• Brief
When you reach the line with "AI generated: Full" in the data below, begin printing lines exactly, and stop once the line with "エルメス カシシル ストール 116×130 大判スカーフ カシミヤシルク 花柄" has been printed.

• Data extracts
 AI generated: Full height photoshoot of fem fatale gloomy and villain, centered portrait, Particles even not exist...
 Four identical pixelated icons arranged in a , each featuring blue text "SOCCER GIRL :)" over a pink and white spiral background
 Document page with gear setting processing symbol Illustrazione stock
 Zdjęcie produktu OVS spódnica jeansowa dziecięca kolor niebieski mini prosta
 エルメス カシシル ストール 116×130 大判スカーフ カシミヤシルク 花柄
---
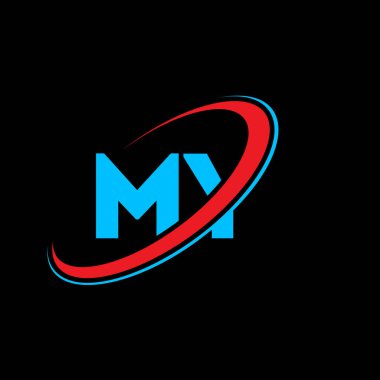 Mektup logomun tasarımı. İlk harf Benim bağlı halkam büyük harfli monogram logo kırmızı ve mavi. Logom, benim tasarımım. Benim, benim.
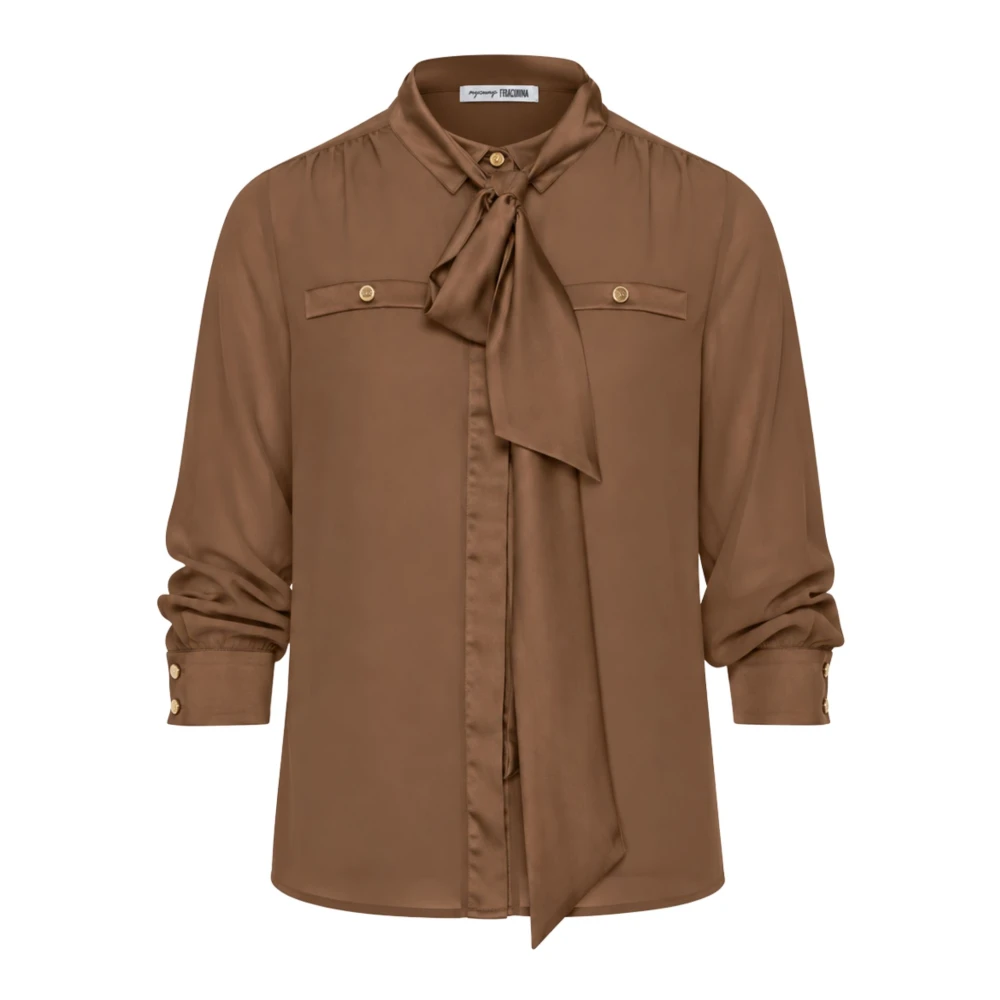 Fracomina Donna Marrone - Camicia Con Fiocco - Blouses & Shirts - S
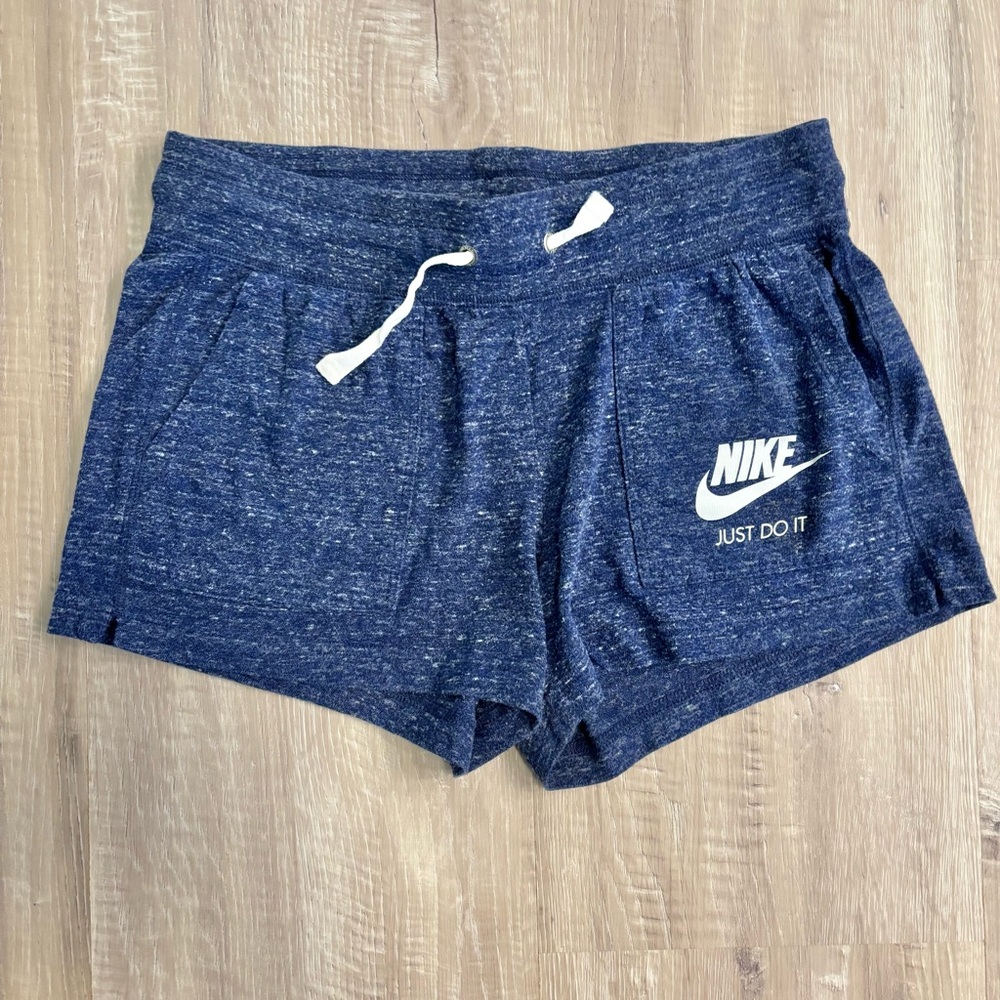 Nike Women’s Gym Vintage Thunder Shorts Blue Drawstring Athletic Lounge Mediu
* * *
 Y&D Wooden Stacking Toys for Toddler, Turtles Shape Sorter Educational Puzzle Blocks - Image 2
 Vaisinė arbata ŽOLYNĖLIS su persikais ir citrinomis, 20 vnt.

• Task solution
 AI generated: Full height photoshoot of fem fatale gloomy and villain, centered portrait, Particles even not exist...
 Four identical pixelated icons arranged in a , each featuring blue text "SOCCER GIRL :)" over a pink and white spiral background
 Document page with gear setting processing symbol Illustrazione stock
 Zdjęcie produktu OVS spódnica jeansowa dziecięca kolor niebieski mini prosta
 エルメス カシシル ストール 116×130 大判スカーフ カシミヤシルク 花柄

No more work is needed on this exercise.